Narrative profiles cover the current sample year only. These are easy-to-read, computer-produced profiles that describe main topics from the data profiles for the general-purpose user. These are the only ACS products with no standard errors accompanying the estimates.
These tables are similar to the Census 2000 quick tables, and like them, are derived from detailed tables. Both quick tables and subject tables are predefined, covering frequently requested information on a single topic for a single geographic area. However, subject tables contain more detail than the Census 2000 quick tables or the ACS data profiles. In general, a subject table contains distributions for a few key universes, such as the race groups and people in various age groups, which are relevant to the topic of the table. The estimates for these universes are displayed as whole numbers. The distribution that follows is displayed in percentages.

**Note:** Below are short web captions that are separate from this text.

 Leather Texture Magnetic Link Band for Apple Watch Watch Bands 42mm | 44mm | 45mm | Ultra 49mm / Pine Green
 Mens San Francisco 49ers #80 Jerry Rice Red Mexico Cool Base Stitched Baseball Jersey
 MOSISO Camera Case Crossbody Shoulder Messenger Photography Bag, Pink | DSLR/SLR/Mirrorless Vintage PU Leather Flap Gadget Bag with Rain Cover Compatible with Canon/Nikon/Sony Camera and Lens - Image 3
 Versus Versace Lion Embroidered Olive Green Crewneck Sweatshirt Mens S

For example, subject table S1501 on educational attainment provides the estimates for two different age groups-18 to 24 years old and 25 years and older, as a whole number. For each age group, these estimates are followed by the percentages of people in different educational attainment categories (high school graduate, college undergraduate degree, etc.). Subject tables also contain other measures, such as medians, and they include the imputation rates for relevant characteristics. More than 40 topic specific subject tables are released each year.
Ranking products contain ranked results of many important measures across states. They are produced as 1-year products only, based on the current sample year. The ranked results among the states for each measure are displayed in three ways-charts, tables, and tabular displays that allow for testing statistical significance.

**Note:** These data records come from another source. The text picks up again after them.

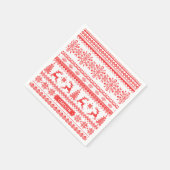 クリスマススウェーター 赤 フェアアイル柄 モノグラム スタンダードカクテルナプキン (角)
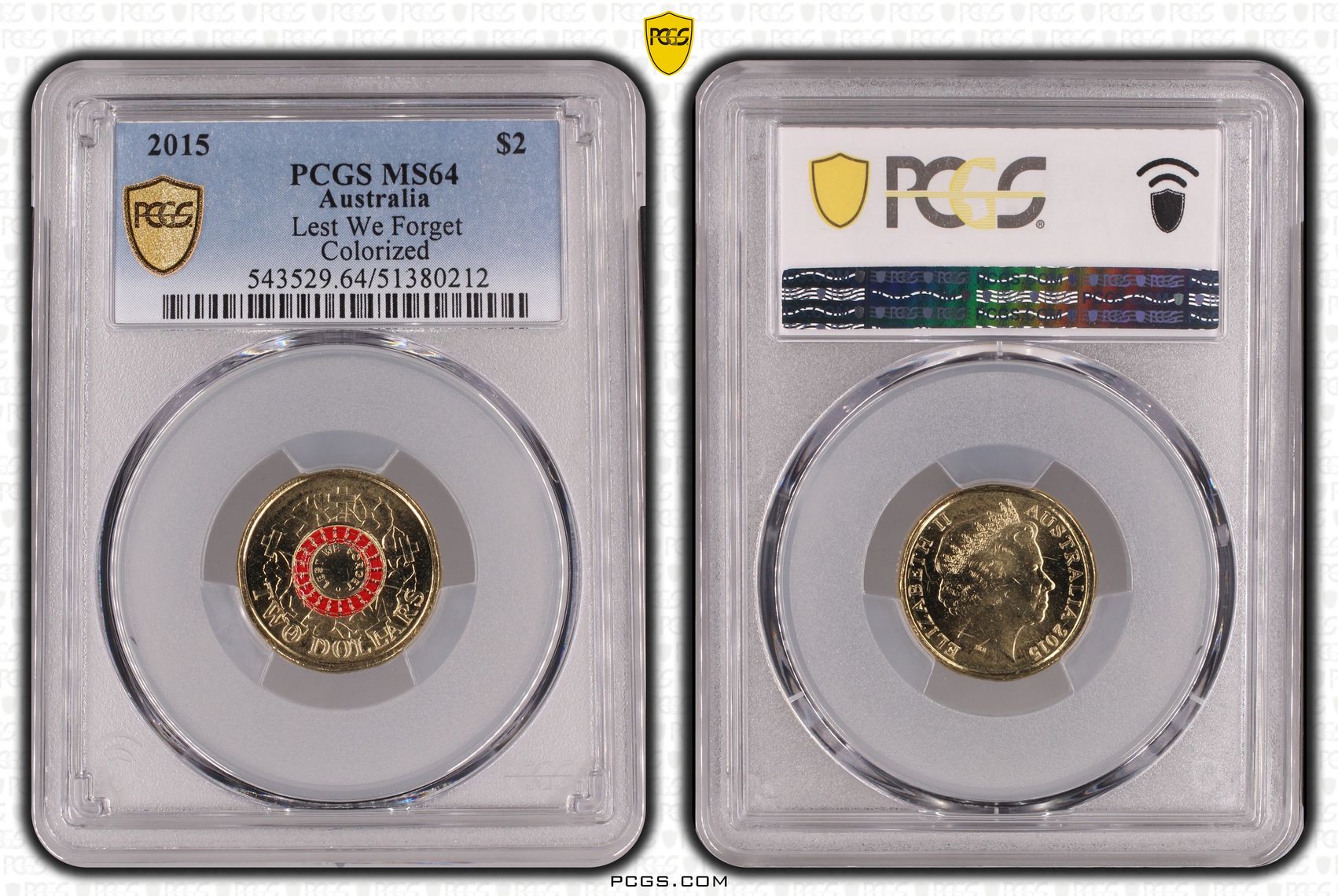 Lest We Forget Colorized, Two Dollar, 2015, PCGS MS64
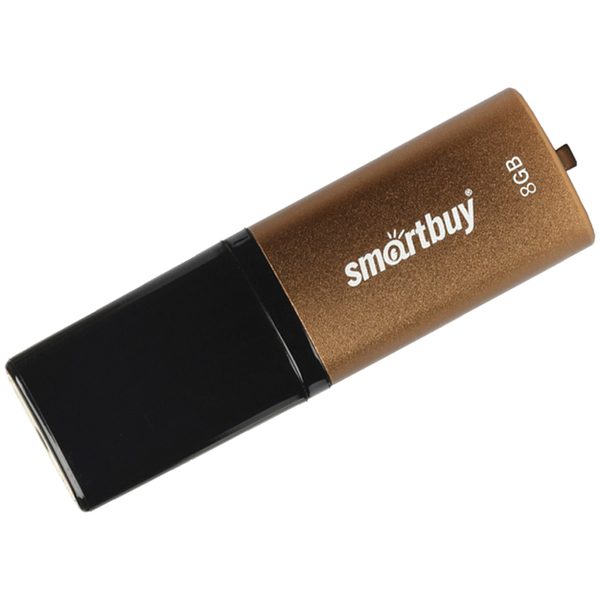 Память Smart Buy X-Cut   8GB, USB 2.0 Flash Drive, коричневый (металл.корпус) - фото
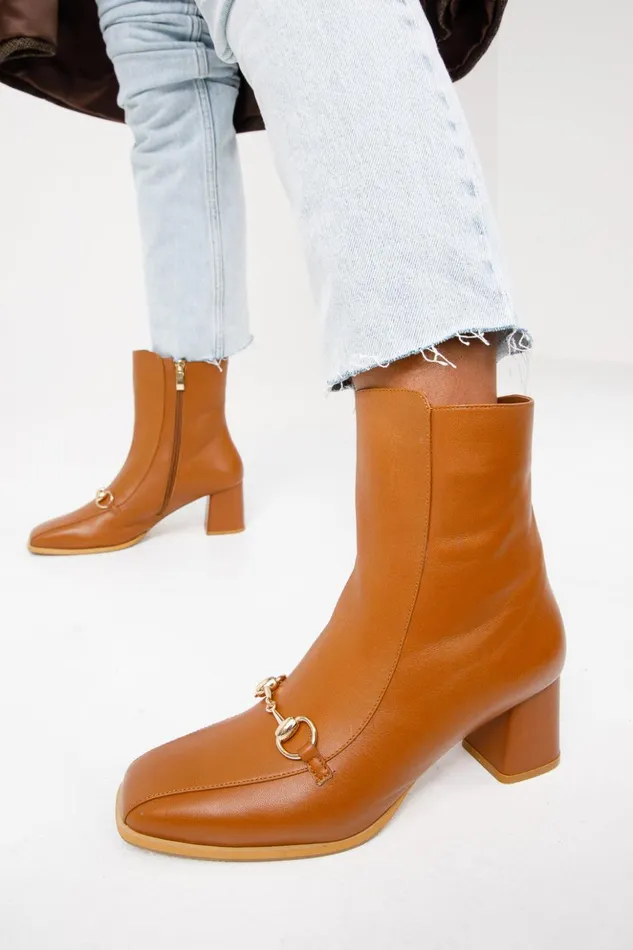 Vinci Leather Boots and Booties The Bukres Tan Leather Block Heel Mid Calf Boot 8211 Women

The rankings show approximately 80 selected measures. The data used in ranking products are pulled directly from a detailed table or a data profile for each state.
GCTs contain the same measures that appear in the ranking products. They are produced as both 1-year and multiyear products. GCTs are produced for states as well as for substate entities, such as congressional districts. The results among the geographic entities for each measure are displayed as tables and thematic maps (see next).

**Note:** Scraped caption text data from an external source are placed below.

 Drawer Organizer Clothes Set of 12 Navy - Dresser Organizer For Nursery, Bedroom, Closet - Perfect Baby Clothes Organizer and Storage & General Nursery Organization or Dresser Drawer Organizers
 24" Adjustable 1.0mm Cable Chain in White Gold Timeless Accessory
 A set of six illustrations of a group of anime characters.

Thematic maps are similar to ranking tables. They show mapped values for geographic areas at a given geographic summary level. They have the added advantage of visually displaying the geographic variation of key characteristics (referred to as themes). An example of a thematic map would be a map showing the percentage of a population 65 years and older by state.
SPPs provide certain characteristics from the data profiles for a specific race or ethnic group (e.g., Alaska Natives) or some other selected population group (e.g., people aged 60 years and older). SPPs are provided every year for many of the Census 2000 Summary File 4 iteration groups. SPPs were introduced on a limited basis in the fall of 2005, using the 2004 sample. In 2008 (sample year 2007), this product was significantly expanded. The earlier SPP requirement was that a substate geographic area must have a population of at least 1,000,000 people. This threshold was reduced to 500,000, and congressional districts were added to the list of geographic types that can receive SPPs. Another change to SPPs in 2008 is the addition of many country-of-birth groups. Groups too small to warrant an SPP for a geographic area based on 1 year of sample data may appear in an SPP based on the 3- or 5-year accumulations of sample data. More details on these profiles can be found in Hillmer (2005), which includes a list of selected race, Hispanic origin, and ancestry populations.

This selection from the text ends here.